**** Provided records ****

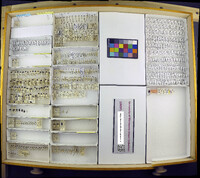 Media resource of Baeocera apicalis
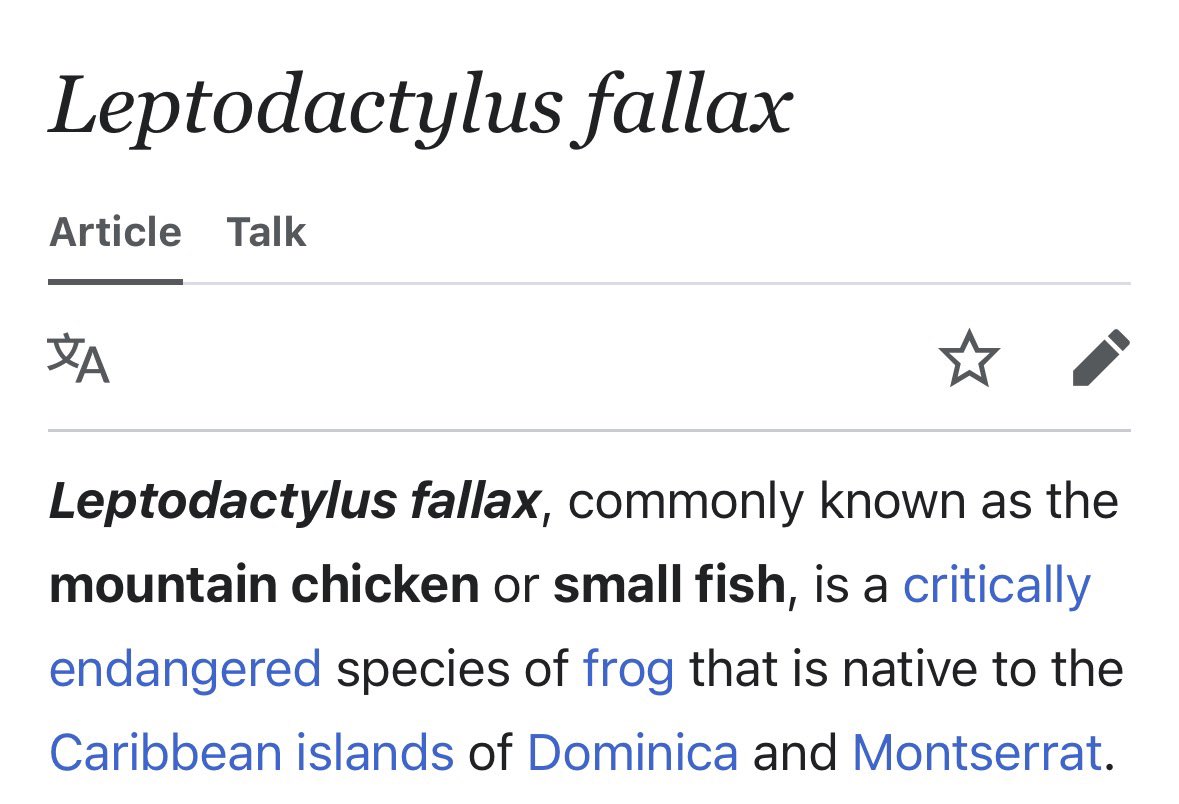 🦎Visceral🪶 (Tomistoma enjoyer🐊) tweet media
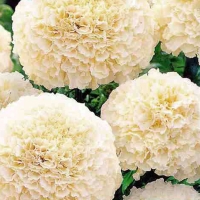 ��������-(�������)-������������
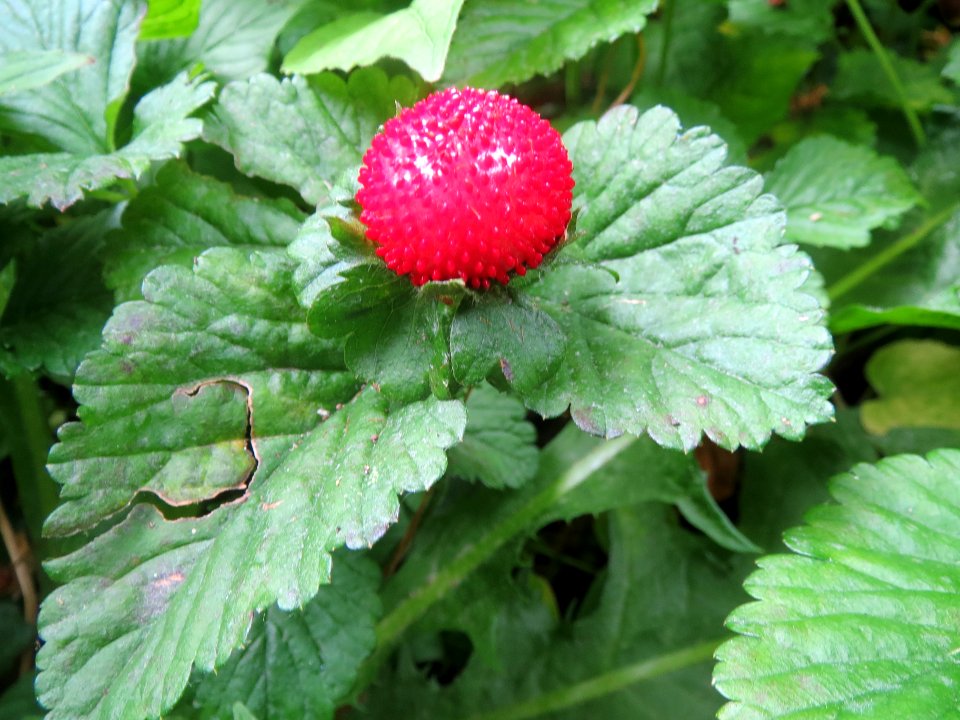 20140529Potentilla_indica3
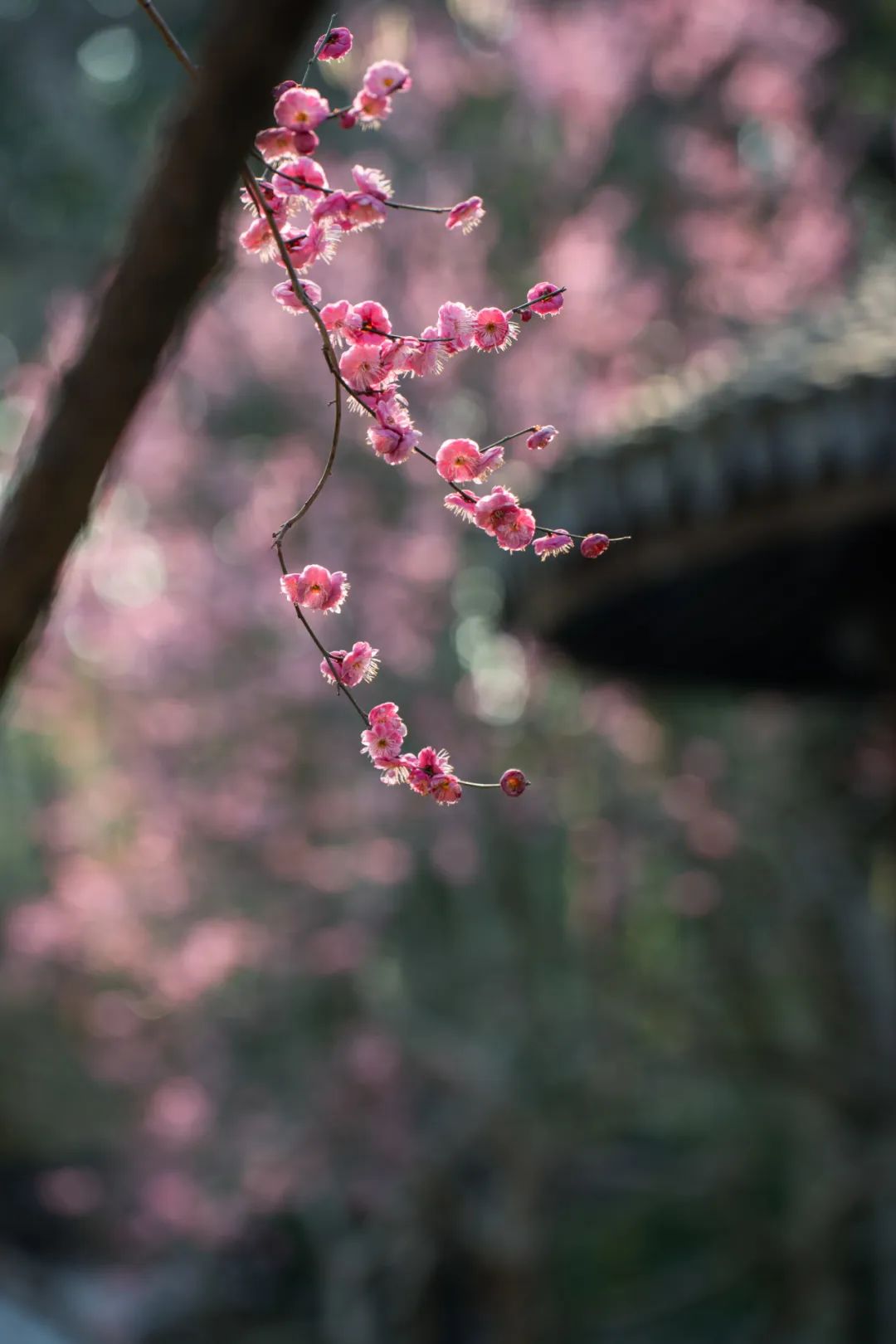 正文图片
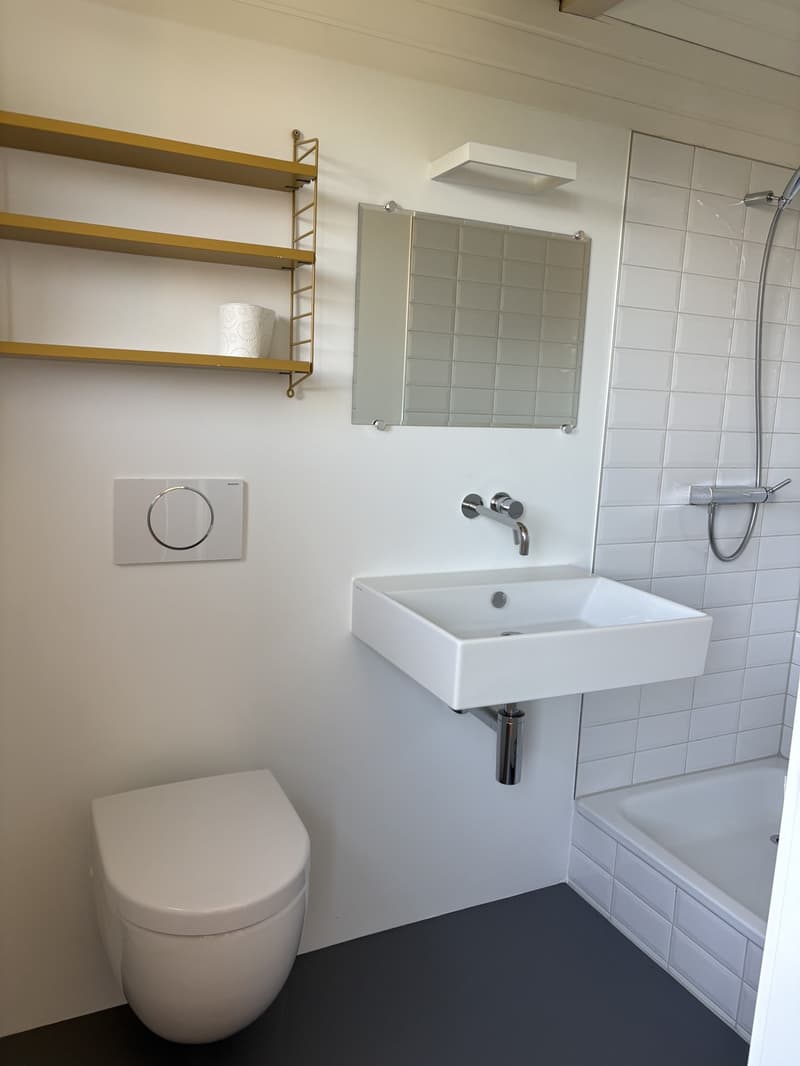 Wertvolles 5.5-Zimmer Haus mit Garten (10)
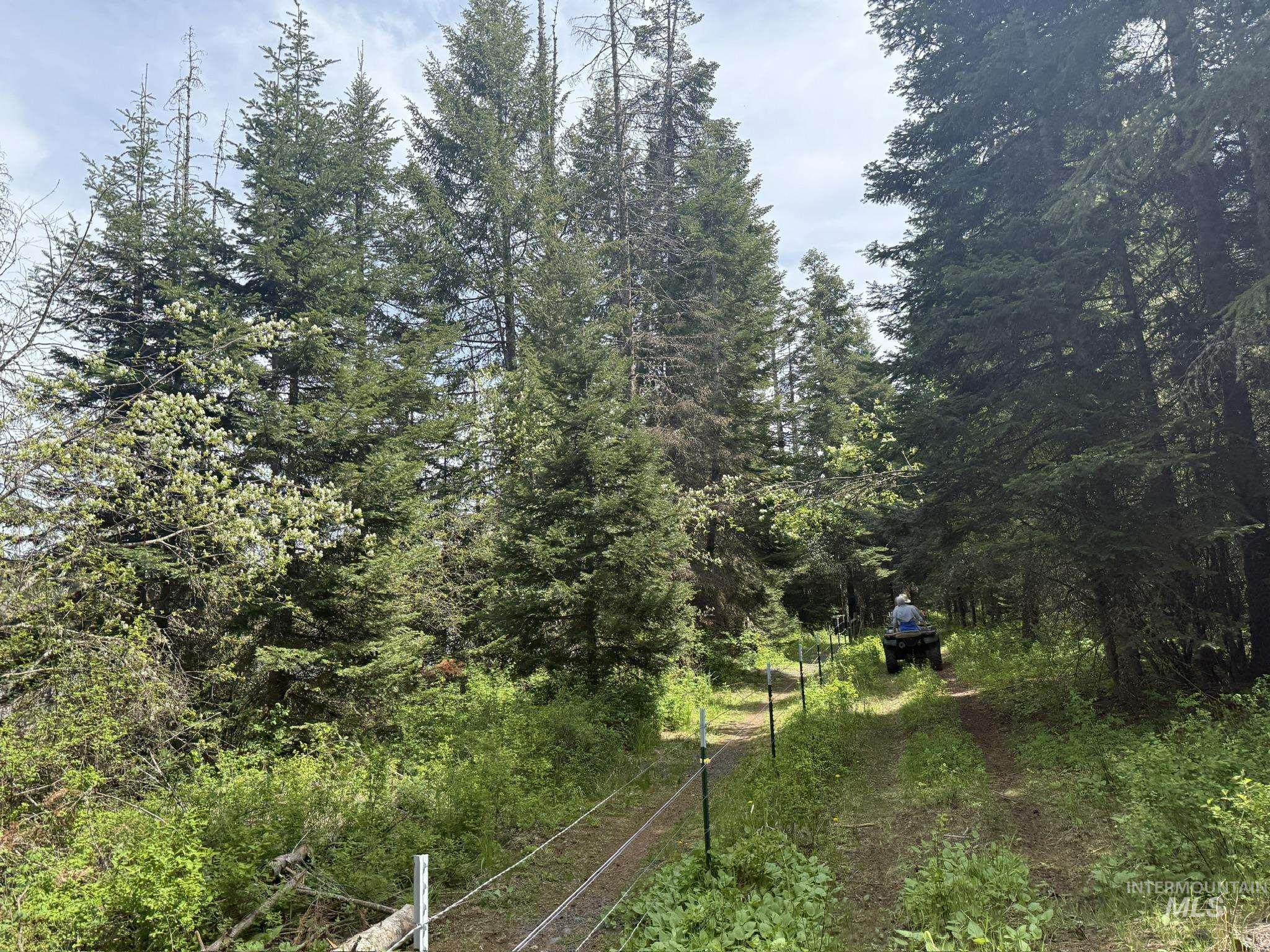 TBD 4 Mile Road, Weippe, Idaho 83553, Land For Sale, Price $3,500,000, 98953924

****

→ What the task asks:
The result should hold only the lines from the line with "Wertvolles 5.5-Zimmer Haus mit Garten (10)" through the final line of the records above, copied exactly, with pictures left out.

→ Result below:
 Wertvolles 5.5-Zimmer Haus mit Garten (10)
 TBD 4 Mile Road, Weippe, Idaho 83553, Land For Sale, Price $3,500,000, 98953924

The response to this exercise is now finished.